Men’s Basketball: BU goes scoreless late, falls to first-place Colgate

Featured image by Jacob Ireland

By Henry Dinh-Price

BOSTON  — Ethan Okwuosa went coast to coast. He snatched the rebound, raced past two defenders, euro stepped past a third, before beating Colgate’s Braeden Smith at the rim. 

His layup cut BU’s deficit to one point with 4:24 remaining, surging on a 7-0 run. Case Gym was roaring. 

But the energy was sucked out of the gym moments later.

An 11-0 Colgate run over the ensuing four minutes put the game out of reach. 

They were minutes the Terriers (9-15, 4-7 PL) will want back, as they fell, 74-64, to the first-place Colgate Raiders (16-8, 10-1 PL) on Wednesday. 

BU senior guard Miles Brewster tied his career-high in points with 21 on 7-for-10 shooting, but it wasn’t enough. Colgate had too many answers offensively. 
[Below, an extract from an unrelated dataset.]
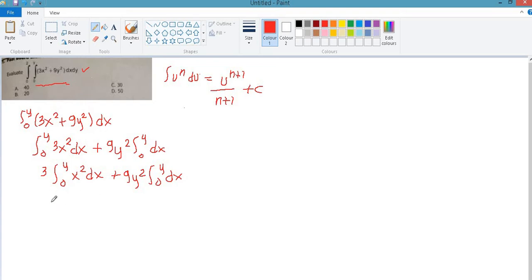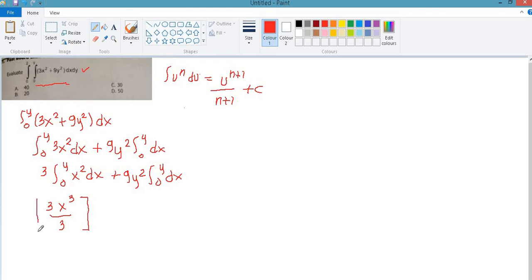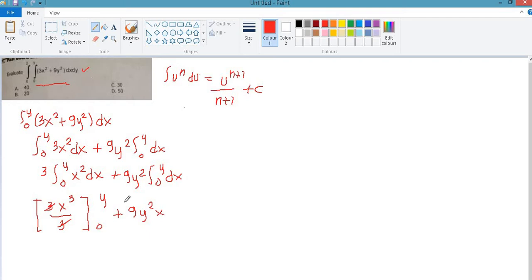We now proceed with integration of power. This becomes 3x cubed over 3, evaluated from 0 to y, plus 9y squared times x, evaluated from 0 to y.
In the first half, Colgate’s elite 3-point shooting proved why it is the team to beat in the Patriot League. Fifth-year forward Ryan Moffatt buried his second 3 in the opening four minutes to give the Raiders a 9-6 lead — one they would not relinquish. 

Less than a minute later, he hit his third. 

The Terriers double-teamed the post early, an understandable choice against fifth-year forward Keegan Records, the conference’s preseason Player of the Year, but they couldn’t rotate effectively, leaving Moffatt — a 38.7 percent 3-point shooter — wide open. 

“We made a lot of mistakes in the first half and some of it I’m gonna have to take some responsibility,” head coach Joe Jones said. “We were blitzing (the post). We were very confused. And we kept making mistakes. So I gotta take that.”

Colgate made 7-of-15 3-pointers in the first half to take a 32-24 lead into halftime. 

But in the second half, when Colgate stopped shooting 3s as BU tightened its rotations, Records went to work. 

Records scored Colgate’s first 11 points of the half. The 6-foot-10, 250-pounder could not be stopped by sophomore forward Otto Landrum or freshman wing Matai Baptiste. 

“We had no answer for Records inside,” Jones said. “He looked like a grown man out there.”

Records finished with 18 points and five rebounds. Down the final stretch, he scored on three straight trips down the floor to give the Raiders an eight-point lead with just over a minute left.

“He won them the game,” Jones said. 

But even when Records subbed out at the 12-minute mark, BU couldn’t get a stop. The Raiders started the half shooting 9-for-11 and held a 51-42 lead with just over 10 minutes remaining.

Colgate’s first 19 points of the half all came in the paint. 

“You’ve gotta be able to have an answer for the inside game,” Jones said. 

Brewster got things going momentarily, going on a personal 7-2 run, capped by a right-wing 3 that cut the deficit to four. 

“I’ve just been playing confidently recently. Shots were feeling good,” Brewster said. 

But Colgate senior guard Chandler Baker answered with a pair of 3s on consecutive possessions to push the Raiders lead to 10, its largest of the game to that point. 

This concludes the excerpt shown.